• ASSIGNMENT
In the records that follow, the lines from the one containing "These two spearheads" to the one containing "How to do surgery", inclusive, are to be given again exactly.

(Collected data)
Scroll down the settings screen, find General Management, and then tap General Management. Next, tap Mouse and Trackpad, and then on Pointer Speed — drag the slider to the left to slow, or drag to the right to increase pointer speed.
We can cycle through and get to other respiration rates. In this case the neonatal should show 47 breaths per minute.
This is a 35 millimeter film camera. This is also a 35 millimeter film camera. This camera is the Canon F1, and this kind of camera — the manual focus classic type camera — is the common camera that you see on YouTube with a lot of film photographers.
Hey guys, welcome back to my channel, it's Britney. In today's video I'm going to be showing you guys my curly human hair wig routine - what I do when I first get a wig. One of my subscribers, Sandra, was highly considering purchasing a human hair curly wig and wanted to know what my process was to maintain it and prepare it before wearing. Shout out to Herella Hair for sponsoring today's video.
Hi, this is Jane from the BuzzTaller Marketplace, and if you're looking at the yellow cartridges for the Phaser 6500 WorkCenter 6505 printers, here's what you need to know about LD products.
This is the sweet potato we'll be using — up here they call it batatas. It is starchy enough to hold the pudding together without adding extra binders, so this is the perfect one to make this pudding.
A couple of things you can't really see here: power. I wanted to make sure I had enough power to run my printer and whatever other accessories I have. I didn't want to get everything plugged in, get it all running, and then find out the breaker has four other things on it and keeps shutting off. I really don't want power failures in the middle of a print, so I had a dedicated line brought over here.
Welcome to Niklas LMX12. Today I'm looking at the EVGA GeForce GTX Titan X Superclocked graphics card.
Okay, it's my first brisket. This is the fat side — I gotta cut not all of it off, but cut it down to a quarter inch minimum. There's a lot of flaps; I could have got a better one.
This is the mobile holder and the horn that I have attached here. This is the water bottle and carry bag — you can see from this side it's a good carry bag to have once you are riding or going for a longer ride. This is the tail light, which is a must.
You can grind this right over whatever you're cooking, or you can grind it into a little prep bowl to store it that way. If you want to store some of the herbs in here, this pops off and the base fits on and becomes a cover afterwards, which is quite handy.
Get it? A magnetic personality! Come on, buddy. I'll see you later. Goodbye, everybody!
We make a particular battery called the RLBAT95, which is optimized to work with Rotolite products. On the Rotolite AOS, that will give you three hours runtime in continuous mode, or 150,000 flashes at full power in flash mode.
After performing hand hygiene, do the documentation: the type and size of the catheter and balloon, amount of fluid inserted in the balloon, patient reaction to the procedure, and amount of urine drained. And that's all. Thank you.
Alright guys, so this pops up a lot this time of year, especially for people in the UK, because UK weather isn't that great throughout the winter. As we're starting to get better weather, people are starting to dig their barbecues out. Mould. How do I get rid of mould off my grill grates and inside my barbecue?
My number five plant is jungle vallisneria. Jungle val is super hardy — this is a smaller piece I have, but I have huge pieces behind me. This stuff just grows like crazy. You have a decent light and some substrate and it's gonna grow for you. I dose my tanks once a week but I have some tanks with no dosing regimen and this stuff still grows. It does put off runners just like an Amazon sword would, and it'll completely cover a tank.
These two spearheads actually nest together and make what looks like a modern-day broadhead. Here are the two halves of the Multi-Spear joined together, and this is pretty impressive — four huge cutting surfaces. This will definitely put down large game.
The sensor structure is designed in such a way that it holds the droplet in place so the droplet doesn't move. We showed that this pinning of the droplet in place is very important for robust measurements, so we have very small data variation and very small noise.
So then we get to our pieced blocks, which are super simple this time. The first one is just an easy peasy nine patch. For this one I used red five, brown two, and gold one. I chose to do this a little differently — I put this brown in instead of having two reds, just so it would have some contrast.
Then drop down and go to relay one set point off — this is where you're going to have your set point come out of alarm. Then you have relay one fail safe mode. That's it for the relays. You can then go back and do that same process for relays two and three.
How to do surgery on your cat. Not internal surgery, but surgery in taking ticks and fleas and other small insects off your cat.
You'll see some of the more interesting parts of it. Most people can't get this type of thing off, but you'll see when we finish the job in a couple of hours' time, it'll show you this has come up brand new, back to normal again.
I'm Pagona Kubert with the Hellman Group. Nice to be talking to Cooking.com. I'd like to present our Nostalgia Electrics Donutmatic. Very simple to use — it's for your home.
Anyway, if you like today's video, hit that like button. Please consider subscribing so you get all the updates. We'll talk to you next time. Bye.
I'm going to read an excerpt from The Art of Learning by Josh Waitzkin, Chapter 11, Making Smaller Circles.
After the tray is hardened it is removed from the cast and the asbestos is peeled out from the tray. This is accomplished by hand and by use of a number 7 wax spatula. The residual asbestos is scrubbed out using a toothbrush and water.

• REPLY
These two spearheads actually nest together and make what looks like a modern-day broadhead. Here are the two halves of the Multi-Spear joined together, and this is pretty impressive — four huge cutting surfaces. This will definitely put down large game.
The sensor structure is designed in such a way that it holds the droplet in place so the droplet doesn't move. We showed that this pinning of the droplet in place is very important for robust measurements, so we have very small data variation and very small noise.
So then we get to our pieced blocks, which are super simple this time. The first one is just an easy peasy nine patch. For this one I used red five, brown two, and gold one. I chose to do this a little differently — I put this brown in instead of having two reds, just so it would have some contrast.
Then drop down and go to relay one set point off — this is where you're going to have your set point come out of alarm. Then you have relay one fail safe mode. That's it for the relays. You can then go back and do that same process for relays two and three.
How to do surgery on your cat. Not internal surgery, but surgery in taking ticks and fleas and other small insects off your cat.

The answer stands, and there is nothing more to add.